Task to complete: In the data below, locate the line containing "Funko Pop! Touche Turtle #170" and the line containing "2015 LEXUS RX 350 - 2T2BK1BA7FC322577", then retype both and everything between them exactly. Pictures are not part of the copy.

Records shown:
Segment Open

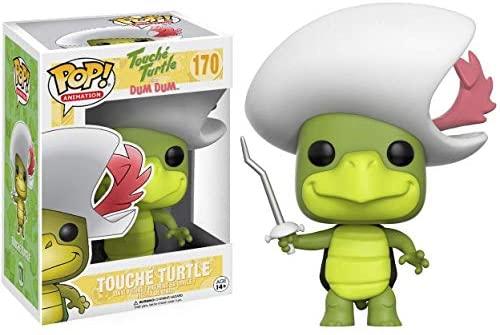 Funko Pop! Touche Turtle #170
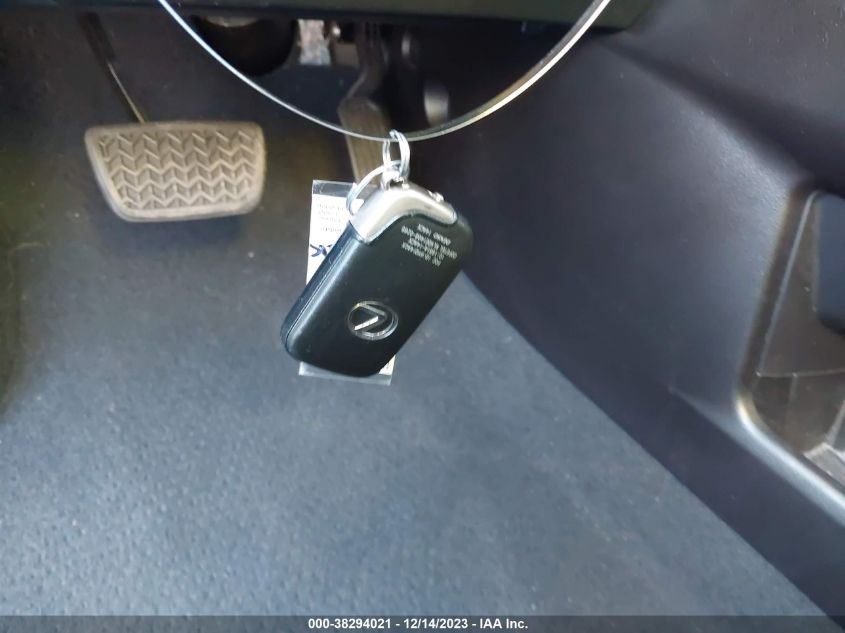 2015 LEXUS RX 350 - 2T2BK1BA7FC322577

Segment Closed
Segment Open

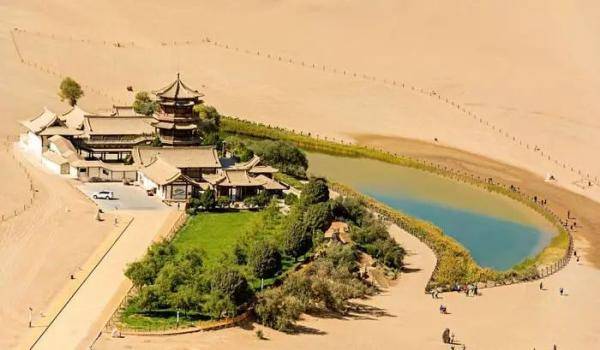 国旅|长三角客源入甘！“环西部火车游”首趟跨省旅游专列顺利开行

Segment Closed

Answer section:
 Funko Pop! Touche Turtle #170
 2015 LEXUS RX 350 - 2T2BK1BA7FC322577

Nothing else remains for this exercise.